Early US Earnings Point To Best Corporate Results In Four Years

(Bloomberg) - The proportion of US companies beating earnings expectations this quarter is the highest in more than four years, providing stock investors with relief at a time the rally is slowing.

About 85% of S&P 500 firms to have reported third-quarter earnings so far have surpassed profit estimates, on course for the best performance since 2021, according to data compiled by Bloomberg Intelligence.

It’s still early in the season, given that less than a fifth of the index’s market capitalization has announced results, but it’s an indication that US profits remain strong in the face of tariffs and an uncertain economy.

A majority of S&P 500 firms typically surpass expectations, but this season stands out considering that analysts had set the bar higher by raising projections heading into the reporting period. Robust earnings and signs of sustained investment in artificial intelligence are countering threats to stocks from China trade tensions and the government shutdown.

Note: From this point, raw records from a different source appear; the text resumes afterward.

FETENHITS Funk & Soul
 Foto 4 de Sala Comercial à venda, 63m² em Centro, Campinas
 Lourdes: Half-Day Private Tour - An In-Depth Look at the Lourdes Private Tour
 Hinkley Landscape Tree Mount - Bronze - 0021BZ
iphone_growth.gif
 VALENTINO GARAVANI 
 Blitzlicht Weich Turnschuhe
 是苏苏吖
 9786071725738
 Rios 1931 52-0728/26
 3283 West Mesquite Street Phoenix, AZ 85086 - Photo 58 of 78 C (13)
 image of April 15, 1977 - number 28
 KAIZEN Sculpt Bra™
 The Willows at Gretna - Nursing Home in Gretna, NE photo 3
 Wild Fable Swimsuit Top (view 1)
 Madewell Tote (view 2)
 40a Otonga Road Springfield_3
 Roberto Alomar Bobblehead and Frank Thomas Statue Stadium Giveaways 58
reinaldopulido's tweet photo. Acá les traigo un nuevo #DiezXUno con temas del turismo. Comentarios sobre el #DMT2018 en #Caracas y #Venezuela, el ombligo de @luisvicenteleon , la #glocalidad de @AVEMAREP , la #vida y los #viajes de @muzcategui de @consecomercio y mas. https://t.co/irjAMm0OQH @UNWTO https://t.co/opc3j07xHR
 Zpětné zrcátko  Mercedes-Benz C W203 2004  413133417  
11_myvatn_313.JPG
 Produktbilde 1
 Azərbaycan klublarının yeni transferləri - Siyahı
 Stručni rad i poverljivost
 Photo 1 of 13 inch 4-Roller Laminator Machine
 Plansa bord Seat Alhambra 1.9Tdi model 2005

“US companies should continue to deliver superior earnings growth supported by a robust AI investment cycle, ongoing deficit spending, and a still resilient consumer,” JPMorgan Chase & Co. strategists led by Dubravko Lakos-Bujas wrote in a note.

He anticipates S&P 500 members will deliver another quarter of double-digit earnings growth at about 12%. The JPMorgan team’s estimates are above consensus, which forecasts an increase of 7.7% in the third quarter compared with a year earlier.

The beats are coming from various sectors. Among banks, Citigroup Inc. and Morgan Stanley surpassed estimates. Meanwhile, General Motors Co. soared after raising its profit guidance on buoyant truck sales and some tariff relief. Coca-Cola Co. also topped expectations as consumers snapped up the company’s beverages despite higher prices.

Better-than-expected earnings are a potential source of market confidence during the economic data vacuum caused by the US government shutdown, said Marija Veitmane, head of equity research at State Street Global Markets.

“It is perhaps too early to make strong pronouncements on the health of corporate America, but we note two important trends — larger companies sound upbeat on navigating the current regulatory uncertainty as well as talking confidently about future investments and capex,” Veitmane wrote in a note.

The S&P 500 has climbed 15% this year, driven higher by the AI theme, although gains have stalled in October. Morgan Stanley strategist Michael Wilson earlier this week said stocks still face unresolved risks around trade tensions and slowing earnings revisions, which should keep investors cautious in the near term.